Enquête Budget de famille 2011

Résumé

Les enquêtes « Budget de famille » (BdF) permettent de connaître le poids des grands postes de consommation dans le budget des ménages. Ce poids diffère fortement suivant les caractéristiques du ménage, notamment selon sa taille et son niveau de vie. Mais l'effet de ces caractéristiques n'est pas identique sur tous les postes de consommation.

Sommaire

Encadré

Publication

Les ménages les plus modestes dépensent davantage pour leur logement et les plus aisés pour les transports

Bien que les disparités selon le niveau de vie s'atténuent au fil des ans en métropole, les écarts restent encore importants entre les ménages les plus aisés et les plus modestes. De forts contrastes persistent pour les dépenses d'alimentation, de loisirs et culture. Cependant, ce sont surtout pour celles liées au transport et au logement que les écarts entre types de ménages sont les plus marqués.

Les dépenses de logement sont celles qui différencient le plus nettement les ménages les plus modestes des ménages les plus aisés. En 2011, pour les 20 % des ménages les plus modestes ces dépenses sont supérieures de 8,3 points à celles des 20 % les plus riches (graphique 1). Mais cet écart est dû en partie au fait que les plus modestes sont plus souvent locataires (60 % dans le 1er quintile contre 21 % dans le 5ème quintile).
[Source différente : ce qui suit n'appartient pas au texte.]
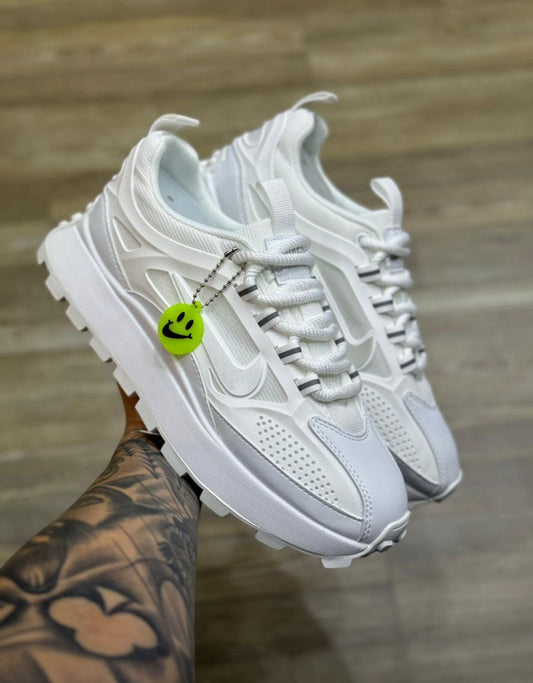 Nike Bailleli – Blancas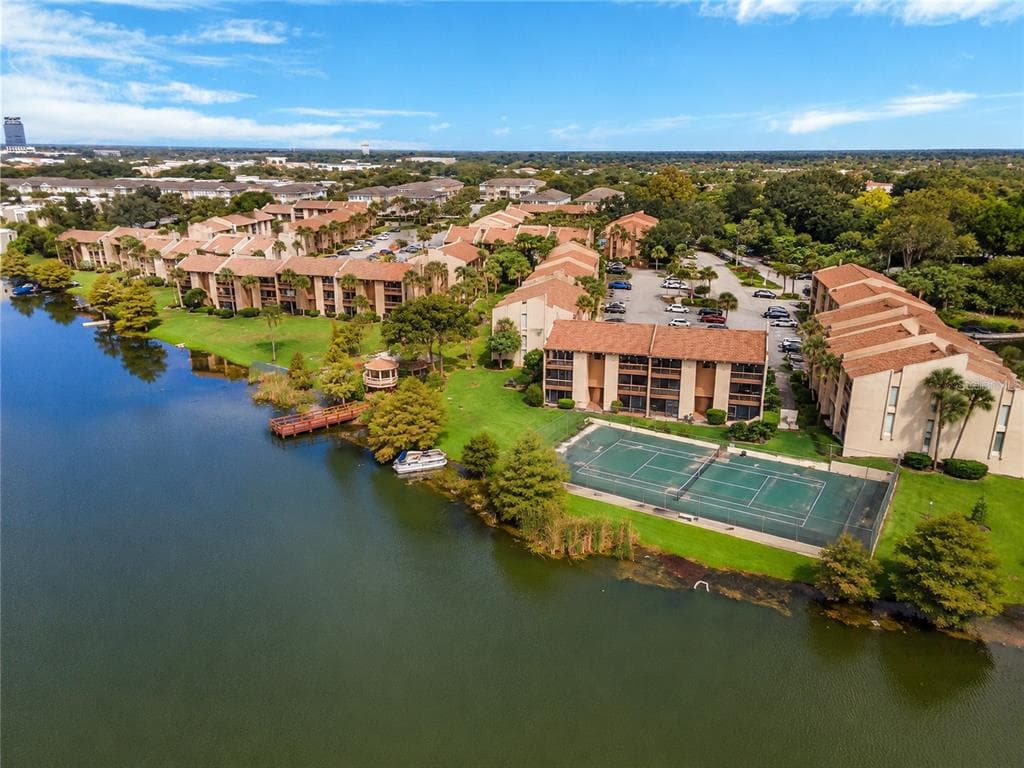 568 ORANGE DRIVE # 50, ALTAMONTE SPRINGS, FL 32701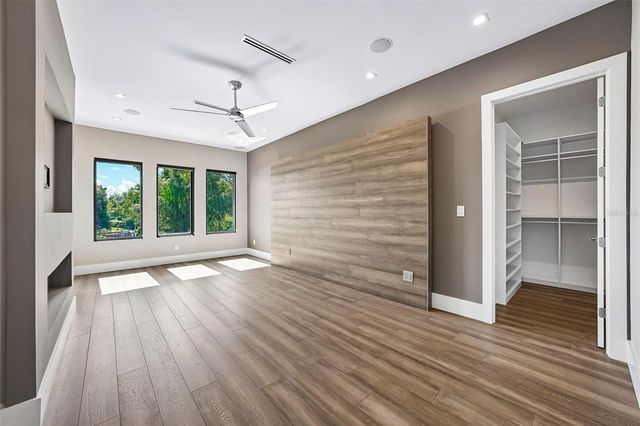 8103 N RIVER SHORE DRIVE, Tampa, FL 33604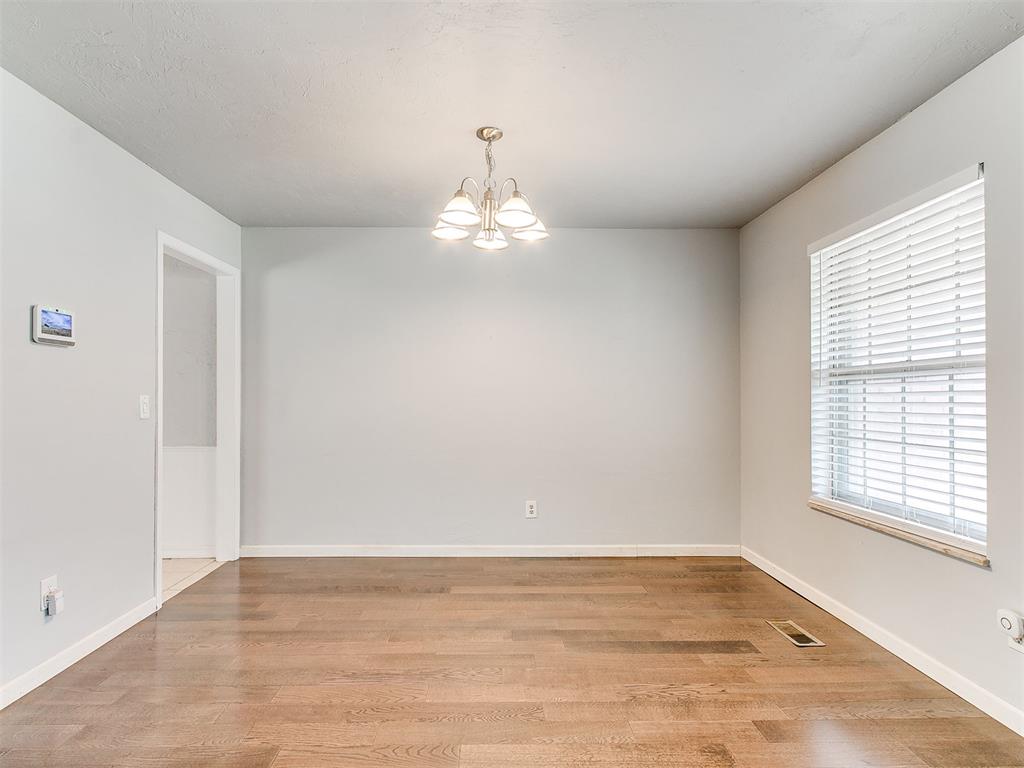 6525 N Saint Clair Avenue Property Photo 15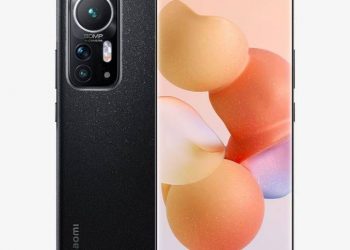 Xiaomi 12 Akıllı Telefonun Arka Paneli Sızdırıldı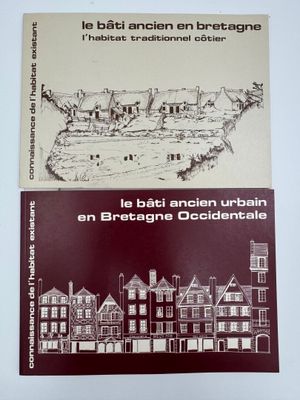 un livre avec une photo d'un bâtiment et une photo d'une ville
Or, à la différence de la comptabilité nationale, l'enquête Budget de Famille considère uniquement les consommations effectivement observées chez les ménages et n'impute pas de dépenses de logement aux propriétaires de leur logement (encadré). Le poids des dépenses en logement dans une catégorie de ménages dépend donc de la proportion de propriétaires (accédants ou non) et de locataires dans cette catégorie.

Le logement constitue le premier poste de dépenses des ménages du 1er quintile de niveau de vie (les 20 % les plus modestes), devant l'alimentation. Pour les ménages du 5ème quintile (les 20 % les plus aisés), ce sont les transports qui représentent le premier poste de dépenses (18,3 % de leur budget). Viennent ensuite l'alimentation et les autres biens et services, devant le logement et les loisirs.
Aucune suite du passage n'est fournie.